### Problem to work on
Your reply should reproduce all the data below exactly while excluding the pictures.

**** Exercise data ****

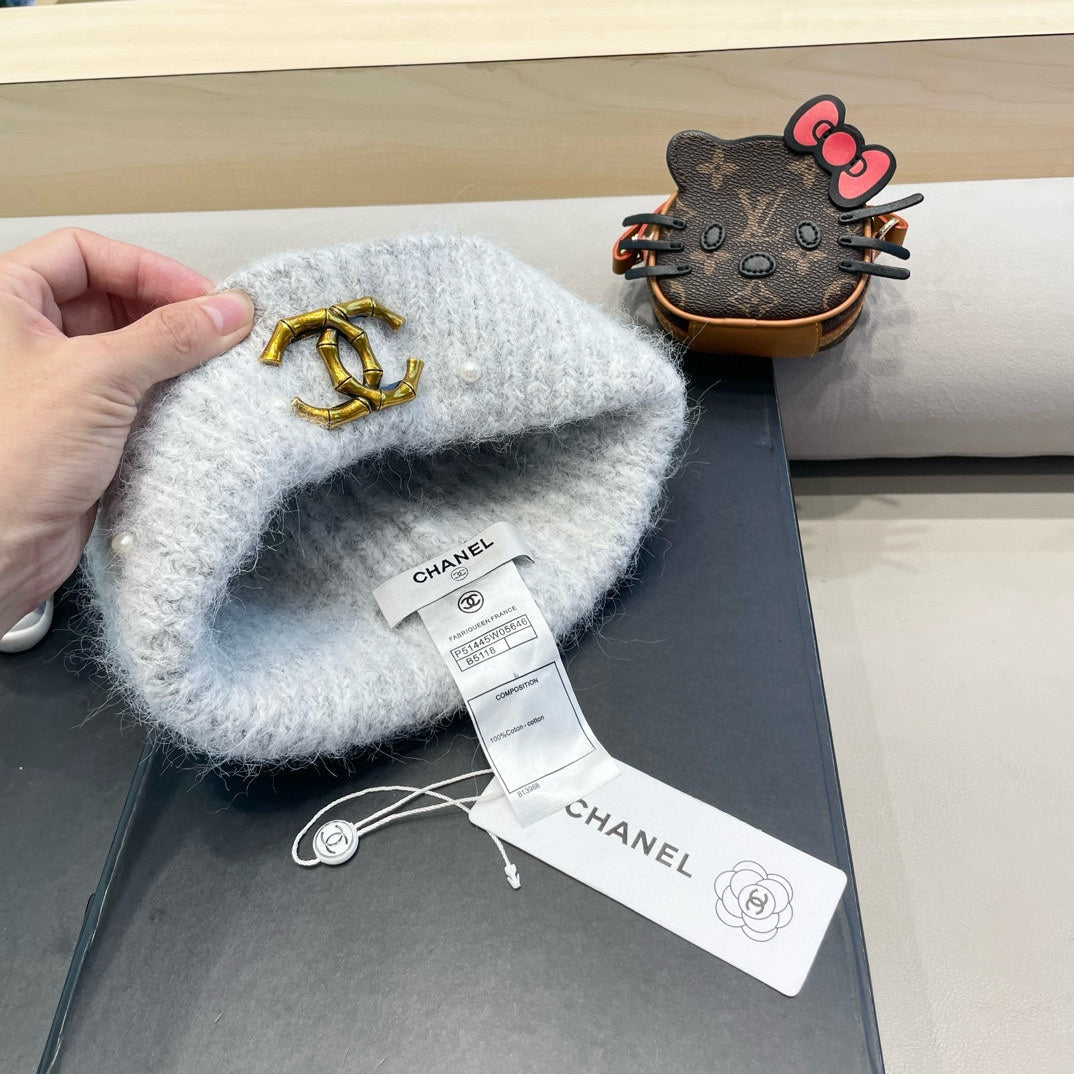 CHANEL BEANIE HAT IN CLOUD GRAY WOOL 430081
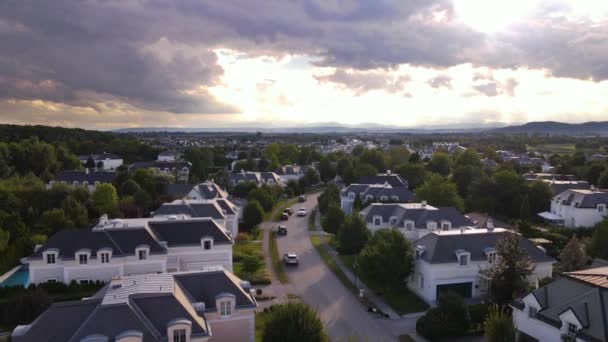 从空中俯瞰美国郊区 日落时间 高质量的4K镜头 — 图库视频影像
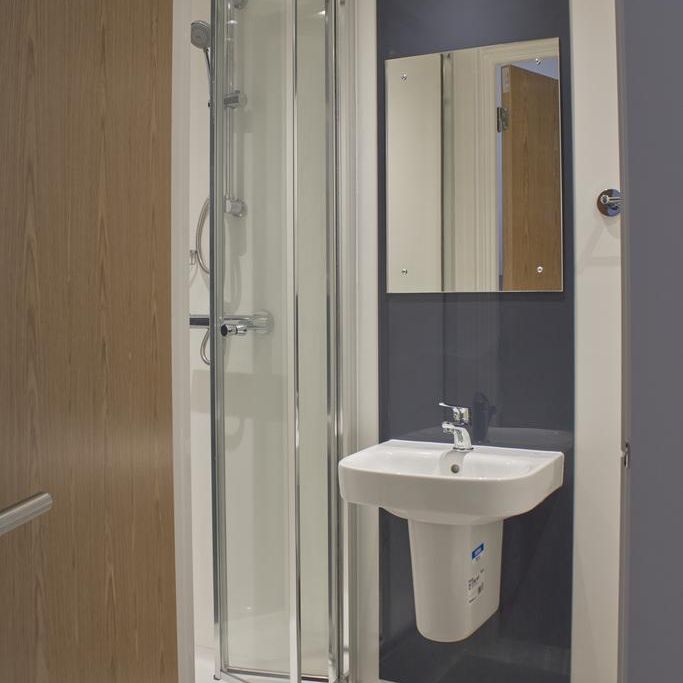 Studio to rent - Photo 1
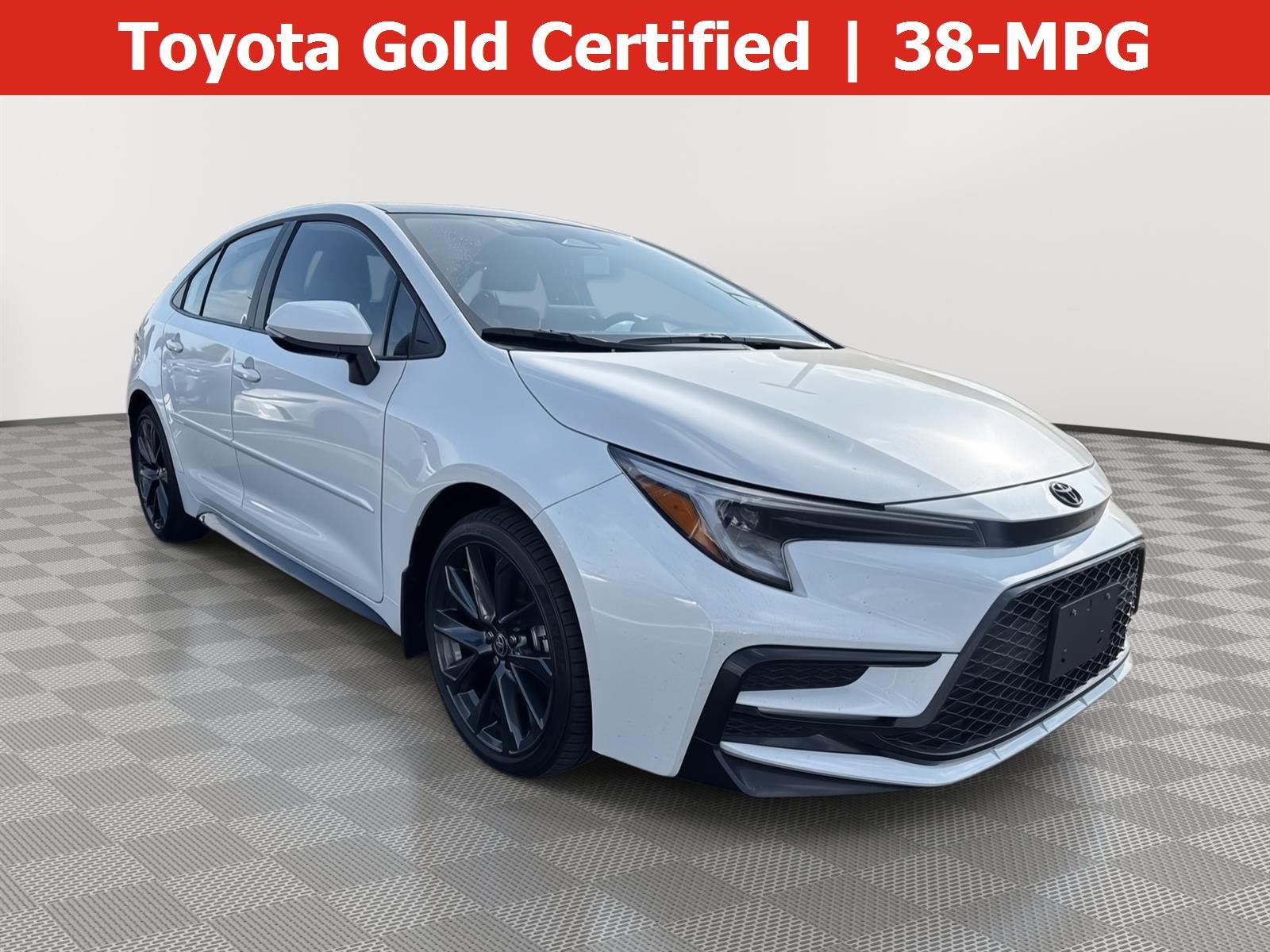 Used 2026 Wind Chill Pearl w/Midnight Black Metallic Roof Toyota XSE image 1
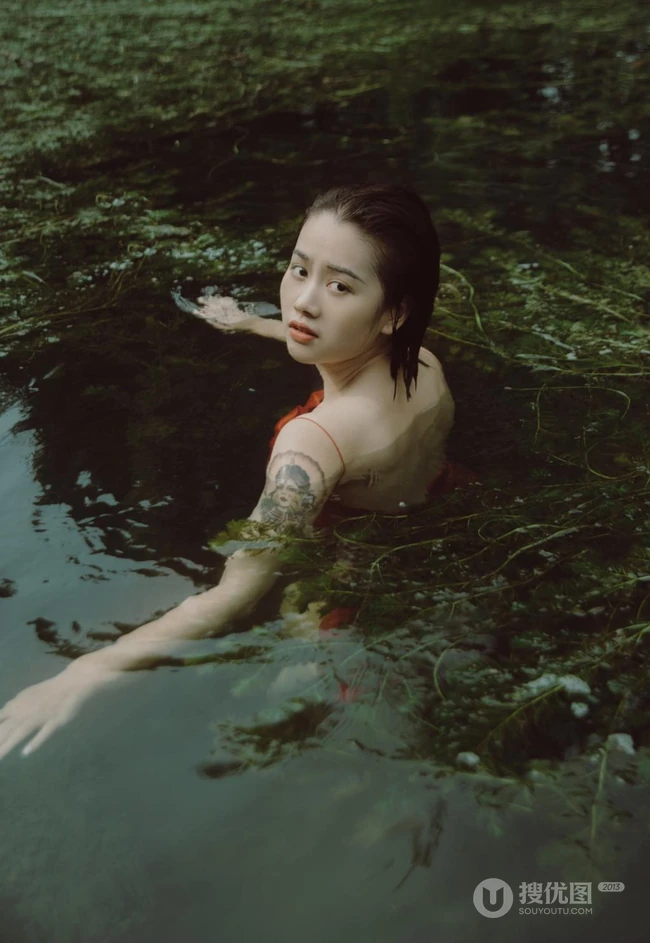 湖中丽影，肩带红裙女孩湖中清透唯美私密写真摄影图片
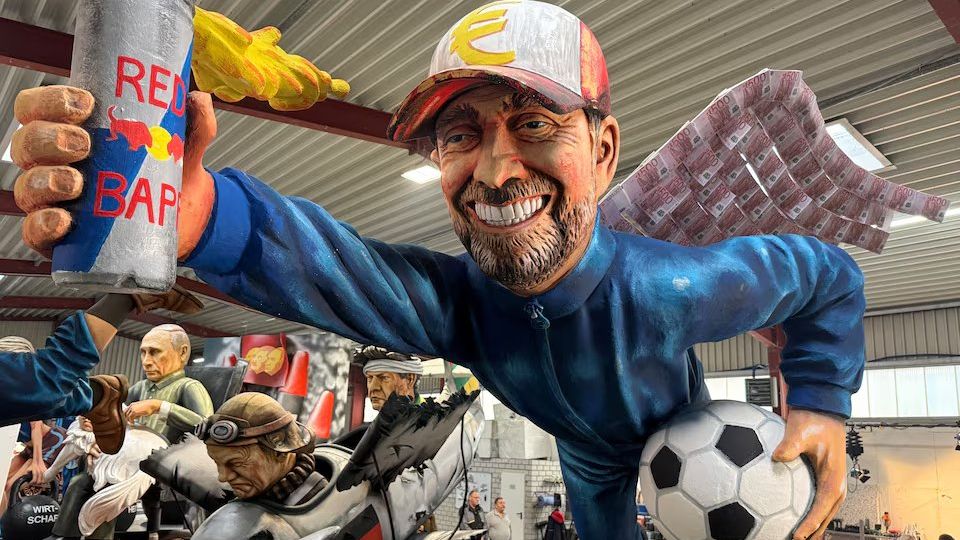 Jurgen Klopp Mainz Rose Monday Float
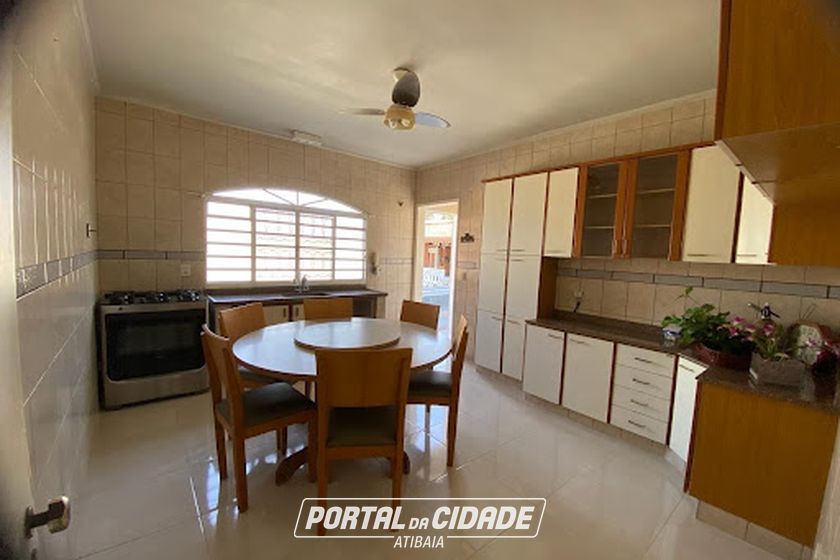 Casa para alugar - 307m&sup2; - Alvin&oacute;polis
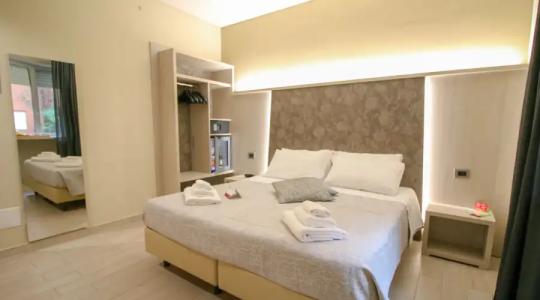 Dynasty Suites Downtown Apartments - 51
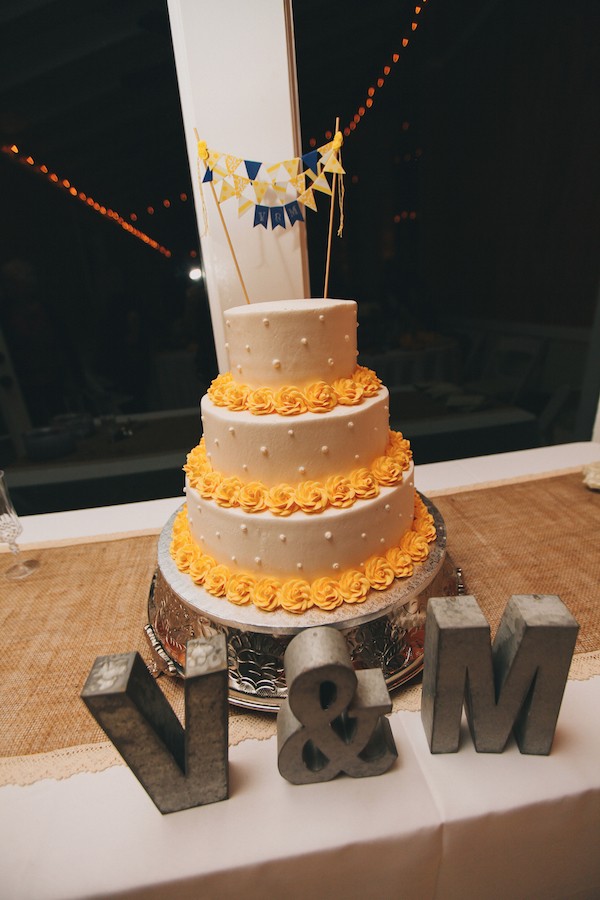 blue-and-yellow-rustic-wedding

****

### Output of the exercise
 CHANEL BEANIE HAT IN CLOUD GRAY WOOL 430081
 从空中俯瞰美国郊区 日落时间 高质量的4K镜头 — 图库视频影像
 Studio to rent - Photo 1
 Used 2026 Wind Chill Pearl w/Midnight Black Metallic Roof Toyota XSE image 1
 湖中丽影，肩带红裙女孩湖中清透唯美私密写真摄影图片
 Jurgen Klopp Mainz Rose Monday Float
 Casa para alugar - 307m&sup2; - Alvin&oacute;polis
 Dynasty Suites Downtown Apartments - 51
 blue-and-yellow-rustic-wedding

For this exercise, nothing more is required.